A New Era Begins for the Energy Industry

Our new website is about to go live... A new era begins for the energy industry... The latest from OPEC... U.S. shale oil returns... 'They're about to find out how efficient the U.S. producers have become'...


A quick announcement to begin today's Digest...

As many of you know, we launched "beta" access to our redesigned Stansberry Research subscriber website last fall. Since then, subscribers have had the opportunity to test-drive the new design and features.

Thanks to your participation and feedback, we've made great strides in refining the design and working out the bugs over the past several months... And we are now pleased to announce our new website will go live starting tomorrow.

What does this mean for you? You will continue to log in to your account at www.stansberryresearch.com as usual.

If you previously opted in to the beta release, you will automatically be granted access to the new members site. If you did not opt in to the beta – or have not logged in to the subscribers-only website for some time – you will be asked to reset your password. This is part of our new and enhanced account-security features.

From there, you will see a brief overview video explaining how to navigate the new site and use all its new features. If you experience any problems, please be sure to check the Help section for frequently asked questions ("FAQs") regarding the new site. And of course, you can also reach out to our dedicated customer service team if needed.

We hope you enjoy all of the improvements we've made to help you get the most out of your Stansberry Research subscriptions. And please let us know what you think at feedback@stansberryresearch.com.

This morning, President Donald Trump signed two executive orders...

The orders were to "advance" the construction of the Keystone XL and Dakota Access oil pipeline projects.

As Bloomberg reported, it's not yet clear what "mechanism" the orders would use to advance the projects, both of which were blocked by the Obama administration. But today's actions are a clear sign that the recent era of heavy-handed energy regulation is over. As Trump himself put it in an earlier meeting this morning...

Our friends that want to build in the United States, they go many, many years and then they can't get the environmental permit over something that nobody ever heard of before. And it's absolutely crazy. I am, to a large extent, an environmentalist. I believe in it. But it's out of control... We're going to make a very short process, and we're going to either give you your permits or we're not going to give you your permits, but you're going to know very quickly... And generally speaking we're going to be giving you your permits.

We're going to make the process much more simple for the oil companies and everybody else that wants to do business in the United States.

Elsewhere in the energy markets, OPEC continues to talk up oil prices...

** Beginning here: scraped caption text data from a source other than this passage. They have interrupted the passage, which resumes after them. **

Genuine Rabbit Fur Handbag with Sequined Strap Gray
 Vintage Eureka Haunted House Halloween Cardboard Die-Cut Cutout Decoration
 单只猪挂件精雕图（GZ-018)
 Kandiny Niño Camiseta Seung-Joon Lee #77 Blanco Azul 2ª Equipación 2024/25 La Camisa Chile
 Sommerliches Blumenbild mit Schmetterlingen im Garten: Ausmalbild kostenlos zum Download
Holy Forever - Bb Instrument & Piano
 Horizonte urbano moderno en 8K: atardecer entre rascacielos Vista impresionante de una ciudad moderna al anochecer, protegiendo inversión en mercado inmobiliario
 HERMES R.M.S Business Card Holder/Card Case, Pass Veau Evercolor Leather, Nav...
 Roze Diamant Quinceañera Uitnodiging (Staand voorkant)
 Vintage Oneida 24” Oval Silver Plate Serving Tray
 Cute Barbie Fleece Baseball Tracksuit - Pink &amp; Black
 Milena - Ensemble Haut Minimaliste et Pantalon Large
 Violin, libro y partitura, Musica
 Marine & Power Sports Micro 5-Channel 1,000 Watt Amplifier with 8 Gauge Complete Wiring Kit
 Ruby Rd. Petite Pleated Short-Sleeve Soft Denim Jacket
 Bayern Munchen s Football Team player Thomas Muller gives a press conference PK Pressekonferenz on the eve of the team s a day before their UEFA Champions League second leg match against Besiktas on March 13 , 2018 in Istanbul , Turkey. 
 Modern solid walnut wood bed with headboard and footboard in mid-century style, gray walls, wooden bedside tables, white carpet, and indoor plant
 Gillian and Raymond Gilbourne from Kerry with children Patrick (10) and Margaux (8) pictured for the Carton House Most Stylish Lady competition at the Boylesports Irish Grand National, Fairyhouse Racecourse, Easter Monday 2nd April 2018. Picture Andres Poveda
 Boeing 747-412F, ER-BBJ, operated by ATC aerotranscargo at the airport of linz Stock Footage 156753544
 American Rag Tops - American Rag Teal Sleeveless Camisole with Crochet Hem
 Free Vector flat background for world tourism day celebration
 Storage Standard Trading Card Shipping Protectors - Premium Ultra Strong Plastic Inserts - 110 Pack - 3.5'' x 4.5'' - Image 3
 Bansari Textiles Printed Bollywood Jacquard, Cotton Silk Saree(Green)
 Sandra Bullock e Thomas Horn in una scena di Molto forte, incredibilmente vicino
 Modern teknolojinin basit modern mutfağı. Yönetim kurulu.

Following the group's latest meeting on Sunday, Saudi Arabia Minister of Energy Khalid al-Falih told reporters that its coalition of 24 OPEC and non-OPEC producers have cut production by a total of 1.5 million barrels per day since January 1. This is about 80% of the 1.8 million barrels per day they agreed to cut last December.

Al-Falih said Saudi Arabia has already exceeded its target – it promised to cut production by 500,000 barrels per day – as had Algeria and Kuwait. Others, like Iraq and Venezuela, have not yet reached their promised cuts. He said he hoped all 24 countries in the agreement would reach their targets in the next month, and predicted global oil supplies would return to "normal" levels by mid-year.

"Compliance is great – it's been really fantastic," he said. "Based on everything I know, I think it's been one of the best agreements we've had for a long time."

Of course, Al-Falih is speaking his "book"...

Saudi Arabia is OPEC's biggest producer and most influential member. Predictably, it has a lot to lose if the agreement unravels.

According to the International Energy Agency, it's still far too soon to tell if OPEC has cut production as significantly as Al-Falih says. In the meantime, while several members appear to be cooperating today, history suggests this is unlikely to last long.

More important, we're seeing more and more signs that OPEC's latest move to cut production may backfire... just as its gamble to flood the world with oil did in 2015.

In short, U.S. shale production is quietly bouncing back...

OPEC cuts – or rather, the expectation of OPEC cuts – have pushed prices high enough in recent months to make many U.S. producers profitable again. And they're ramping up production faster than many analysts expected.

As you can see in the following chart, U.S. oil production has already reversed much of last year's decline...

And it could be headed even higher. According to oil-services provider Baker Hughes (BHI), rig count – the number of active oil rigs operating in the U.S. – soared by 29 last week to a total of 551...

This is the largest weekly increase in nearly four years. And it pushed the active rig count to its highest level in 14 months.

According to a note from investment bank Goldman Sachs analysts on Monday, the current rig count implies a year-over-year production increase of 315,000 barrels per day from U.S. producers. This would completely erase last year's declines.

But this number could go even higher if the rig count keeps rising...

And if the latest data from U.S. producers are any indication, this is likely, too. As the Wall Street Journal reported on Friday...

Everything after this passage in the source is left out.